EXERCISE AIM: Retype nothing except the lines below from the one with "Prestige Line Desen" through the one with "WochiTV Shelf Liner", exactly, with images left out.

DATASET EXTRACT:

#####

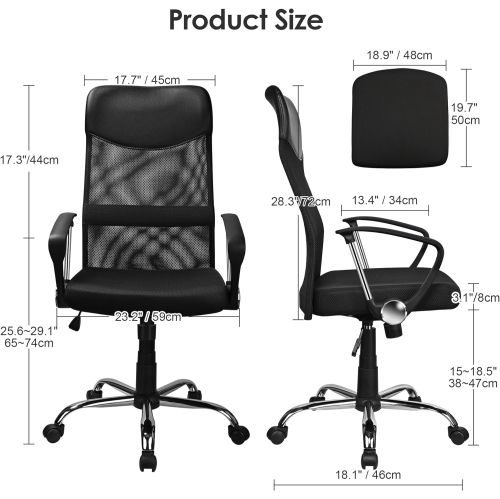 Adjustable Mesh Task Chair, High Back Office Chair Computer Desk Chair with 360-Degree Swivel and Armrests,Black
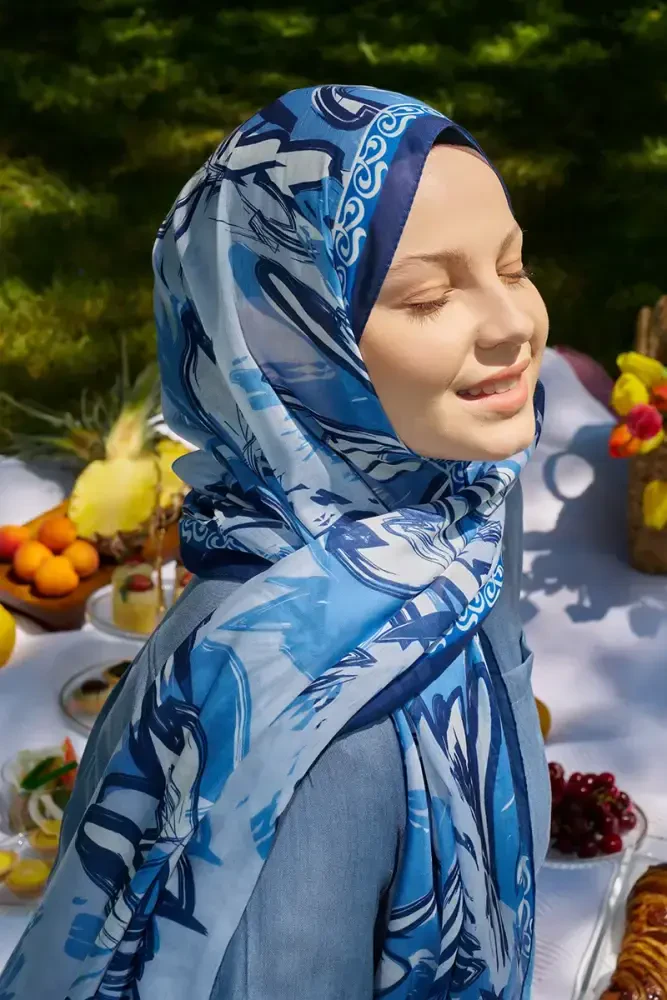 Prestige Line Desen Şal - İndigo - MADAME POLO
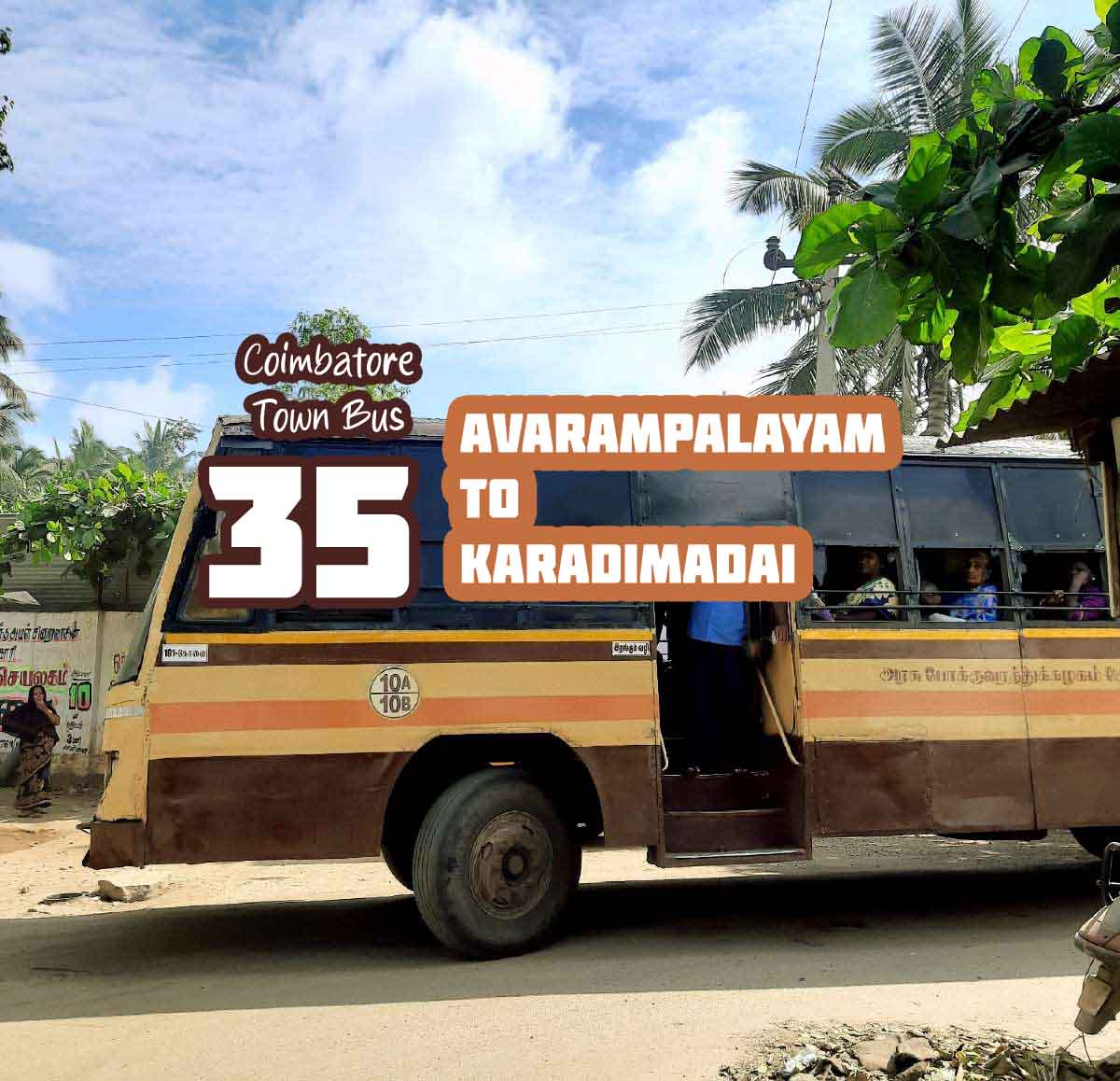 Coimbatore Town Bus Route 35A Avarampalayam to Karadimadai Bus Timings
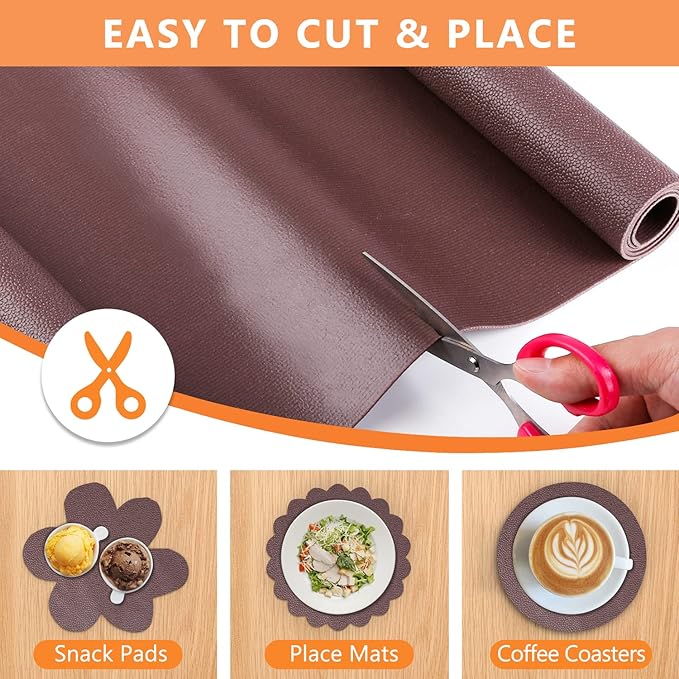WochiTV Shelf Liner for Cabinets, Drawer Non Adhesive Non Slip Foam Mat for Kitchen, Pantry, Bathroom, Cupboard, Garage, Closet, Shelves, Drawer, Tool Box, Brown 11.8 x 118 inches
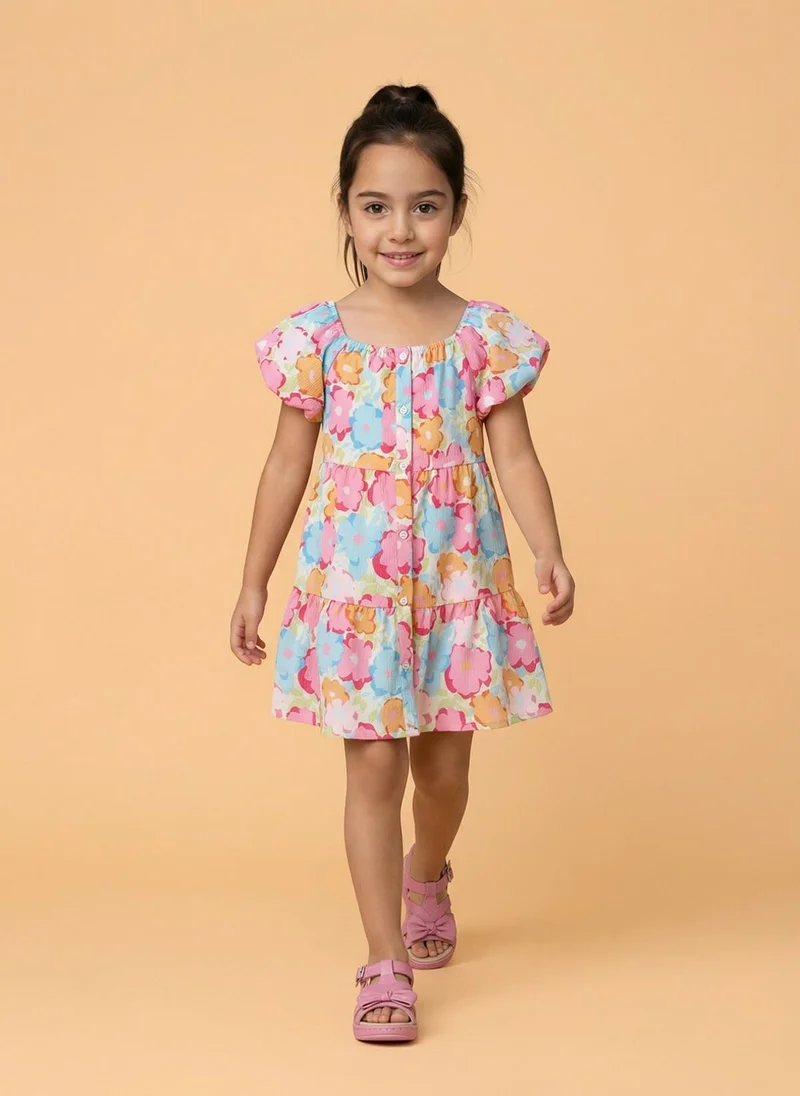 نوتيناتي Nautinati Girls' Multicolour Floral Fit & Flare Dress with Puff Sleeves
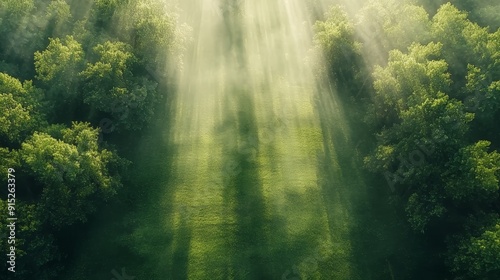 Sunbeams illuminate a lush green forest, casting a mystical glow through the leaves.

#####

RESPONSE FOR THIS EXERCISE:
 Prestige Line Desen Şal - İndigo - MADAME POLO
 Coimbatore Town Bus Route 35A Avarampalayam to Karadimadai Bus Timings
WochiTV Shelf Liner for Cabinets, Drawer Non Adhesive Non Slip Foam Mat for Kitchen, Pantry, Bathroom, Cupboard, Garage, Closet, Shelves, Drawer, Tool Box, Brown 11.8 x 118 inches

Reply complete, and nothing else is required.